• What to work on: Up to and including the line with "Courtney Barnett bei", output the records exactly as they appear.

[Records supplied — start]

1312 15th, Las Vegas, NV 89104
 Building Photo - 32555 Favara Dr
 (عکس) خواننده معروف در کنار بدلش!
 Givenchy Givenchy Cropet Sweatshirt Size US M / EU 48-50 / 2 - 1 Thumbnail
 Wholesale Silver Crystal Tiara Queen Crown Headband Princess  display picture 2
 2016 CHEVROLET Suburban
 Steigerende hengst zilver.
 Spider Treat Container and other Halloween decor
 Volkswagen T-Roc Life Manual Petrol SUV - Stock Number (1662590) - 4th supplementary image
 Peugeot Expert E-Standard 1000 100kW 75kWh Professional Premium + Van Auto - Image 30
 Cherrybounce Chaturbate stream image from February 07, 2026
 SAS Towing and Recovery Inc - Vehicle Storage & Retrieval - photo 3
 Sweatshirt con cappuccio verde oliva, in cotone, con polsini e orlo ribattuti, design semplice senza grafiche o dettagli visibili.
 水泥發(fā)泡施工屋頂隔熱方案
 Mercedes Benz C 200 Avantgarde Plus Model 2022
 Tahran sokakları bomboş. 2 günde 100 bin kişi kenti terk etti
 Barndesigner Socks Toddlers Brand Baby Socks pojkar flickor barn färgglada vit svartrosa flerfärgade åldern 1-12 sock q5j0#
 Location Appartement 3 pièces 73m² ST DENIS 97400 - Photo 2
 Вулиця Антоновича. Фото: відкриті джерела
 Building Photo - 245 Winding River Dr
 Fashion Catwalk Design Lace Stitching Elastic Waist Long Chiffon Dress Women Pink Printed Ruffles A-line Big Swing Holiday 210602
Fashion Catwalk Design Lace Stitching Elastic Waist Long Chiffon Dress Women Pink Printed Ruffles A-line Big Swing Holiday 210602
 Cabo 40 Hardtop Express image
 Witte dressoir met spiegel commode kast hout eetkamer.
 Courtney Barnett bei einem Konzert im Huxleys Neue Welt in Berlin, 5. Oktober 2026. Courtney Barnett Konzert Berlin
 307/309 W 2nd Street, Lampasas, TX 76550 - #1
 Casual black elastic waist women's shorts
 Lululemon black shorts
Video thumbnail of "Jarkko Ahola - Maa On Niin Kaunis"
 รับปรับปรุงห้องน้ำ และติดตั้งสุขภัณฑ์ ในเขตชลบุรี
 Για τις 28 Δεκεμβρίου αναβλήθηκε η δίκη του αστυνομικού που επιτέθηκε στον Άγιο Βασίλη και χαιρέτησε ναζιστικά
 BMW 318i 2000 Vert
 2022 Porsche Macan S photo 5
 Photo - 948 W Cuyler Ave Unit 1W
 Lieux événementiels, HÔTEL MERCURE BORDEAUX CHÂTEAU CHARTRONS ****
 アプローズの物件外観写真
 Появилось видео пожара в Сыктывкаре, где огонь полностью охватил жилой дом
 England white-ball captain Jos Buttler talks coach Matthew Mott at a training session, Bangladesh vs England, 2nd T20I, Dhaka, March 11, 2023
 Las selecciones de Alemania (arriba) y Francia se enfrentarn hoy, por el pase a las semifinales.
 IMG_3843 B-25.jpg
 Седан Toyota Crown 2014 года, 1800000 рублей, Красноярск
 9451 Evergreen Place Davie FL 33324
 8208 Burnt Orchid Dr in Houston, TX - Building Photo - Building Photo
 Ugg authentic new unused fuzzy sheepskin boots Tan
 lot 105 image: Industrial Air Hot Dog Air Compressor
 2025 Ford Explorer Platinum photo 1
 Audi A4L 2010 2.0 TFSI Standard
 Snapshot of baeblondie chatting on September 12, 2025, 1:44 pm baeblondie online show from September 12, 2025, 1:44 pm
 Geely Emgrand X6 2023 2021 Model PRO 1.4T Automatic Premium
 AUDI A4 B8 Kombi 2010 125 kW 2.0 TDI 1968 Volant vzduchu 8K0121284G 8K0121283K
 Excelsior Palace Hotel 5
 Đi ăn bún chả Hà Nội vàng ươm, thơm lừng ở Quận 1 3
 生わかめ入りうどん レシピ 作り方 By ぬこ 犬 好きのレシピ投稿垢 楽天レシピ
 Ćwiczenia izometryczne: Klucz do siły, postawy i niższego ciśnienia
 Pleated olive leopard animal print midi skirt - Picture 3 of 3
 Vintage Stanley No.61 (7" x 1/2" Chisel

[Records supplied — finish]

• Problem solution:
1312 15th, Las Vegas, NV 89104
 Building Photo - 32555 Favara Dr
 (عکس) خواننده معروف در کنار بدلش!
 Givenchy Givenchy Cropet Sweatshirt Size US M / EU 48-50 / 2 - 1 Thumbnail
 Wholesale Silver Crystal Tiara Queen Crown Headband Princess  display picture 2
 2016 CHEVROLET Suburban
 Steigerende hengst zilver.
 Spider Treat Container and other Halloween decor
 Volkswagen T-Roc Life Manual Petrol SUV - Stock Number (1662590) - 4th supplementary image
 Peugeot Expert E-Standard 1000 100kW 75kWh Professional Premium + Van Auto - Image 30
 Cherrybounce Chaturbate stream image from February 07, 2026
 SAS Towing and Recovery Inc - Vehicle Storage & Retrieval - photo 3
 Sweatshirt con cappuccio verde oliva, in cotone, con polsini e orlo ribattuti, design semplice senza grafiche o dettagli visibili.
 水泥發(fā)泡施工屋頂隔熱方案
 Mercedes Benz C 200 Avantgarde Plus Model 2022
 Tahran sokakları bomboş. 2 günde 100 bin kişi kenti terk etti
 Barndesigner Socks Toddlers Brand Baby Socks pojkar flickor barn färgglada vit svartrosa flerfärgade åldern 1-12 sock q5j0#
 Location Appartement 3 pièces 73m² ST DENIS 97400 - Photo 2
 Вулиця Антоновича. Фото: відкриті джерела
 Building Photo - 245 Winding River Dr
 Fashion Catwalk Design Lace Stitching Elastic Waist Long Chiffon Dress Women Pink Printed Ruffles A-line Big Swing Holiday 210602
Fashion Catwalk Design Lace Stitching Elastic Waist Long Chiffon Dress Women Pink Printed Ruffles A-line Big Swing Holiday 210602
 Cabo 40 Hardtop Express image
 Witte dressoir met spiegel commode kast hout eetkamer.
 Courtney Barnett bei einem Konzert im Huxleys Neue Welt in Berlin, 5. Oktober 2026. Courtney Barnett Konzert Berlin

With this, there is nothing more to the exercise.